Congress may not manage to dodge its war powers all year, however. Budget gurus say the Pentagon may have to ask for supplemental funds for Libya sometime this fiscal year. That might force examination of the flimsy rationales the White House offers for the war, hopefully speeding our exit.
I attacked some of those rationales in previous posts and a presentation made two weeks on Capitol Hill. Rather than repeat myself here, I explain how recent events have further undermined the administration’s two main arguments for war.
In his speech before the British parliament this week, the President continued to insist that the United States and its European allies averted a massacre in Benghazi by preventing Libyan forces from taking it in March and carrying out Qaddafi’s threats to slaughter Libyan civilians. The administration says we are fighting a humanitarian war there. But Qaddafi’s rants actually threatened rebel fighters, not civilians. More importantly, if Qaddafi intended to massacre civilians, his forces by now could have done it. While they have used force indiscriminately, they have not tried wholesale slaughter.
There’s a larger problem with the notion that we serve humanitarian ends in Libya. Predictably, our intervention has prolonged a civil war.
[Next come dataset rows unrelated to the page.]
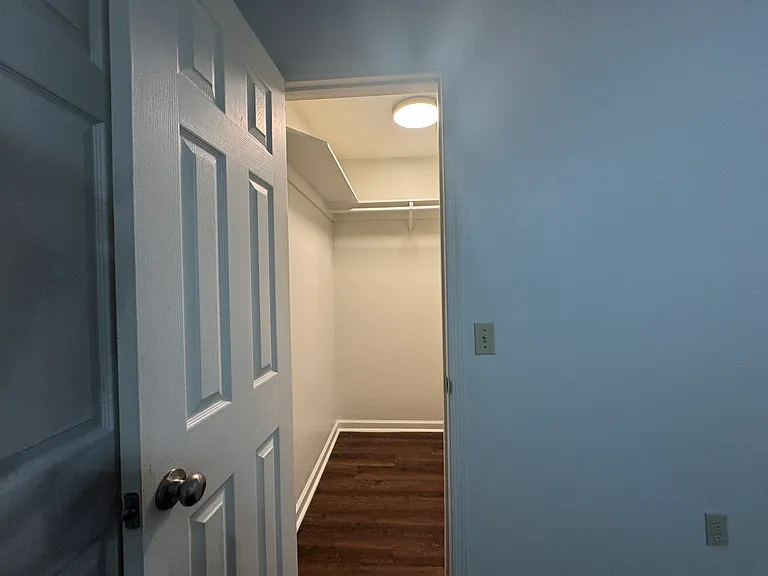 592 NW Turner Ave — Photo 3
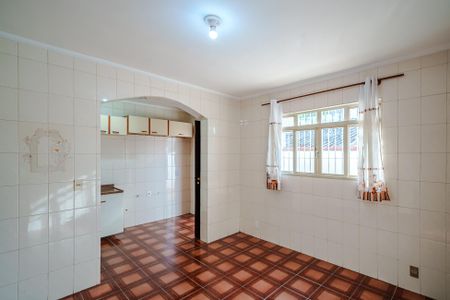 Casa para alugar com 125m², 3 quartos e 2 vagas Casa para alugar com 125m², 3 quartos e 2 vagasCozinha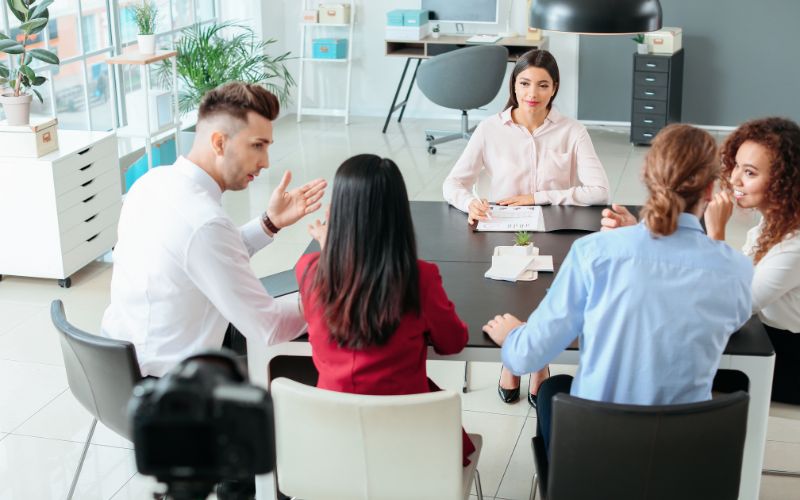 HRBP cần phải có kỹ năng giao tiếp tốt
Probably the most effective killer of civilians in the modern world is civil war, due to direct violence and the collapse of government, sanitation, and health services. We would likely have saved more lives by letting Qaddafi win. That does not mean that making or aiding revolutions is wrong. The point is instead that in Libya we are pursuing liberal democracy at the expense of humanitarianism. Those ends rarely recommend the same policy.
In London, the president did skip one of his administration’s favorite rationales for the war, perhaps because events have so debased it. That is credibility to stand up for protesters elsewhere in the region. The administration has repeatedly said that by fighting in Libya we would show despots elsewhere in the region that the international community would not allow them to repress democratic movements.
I argued that credibility does not travel so easily; that despots looking to prevent unrest and stay in power assess outsiders’ proclivity to intervene based on their interests and ability to act. And if credibility did travel as easily as the president claims , it would have militated against intervention in Libya. It ties up western forces, expends public patience for war, demonstrates our limited will to fight for ideals, and suggests that crushing protests before they turn to revolt can limit outsiders’ eagerness to intervene.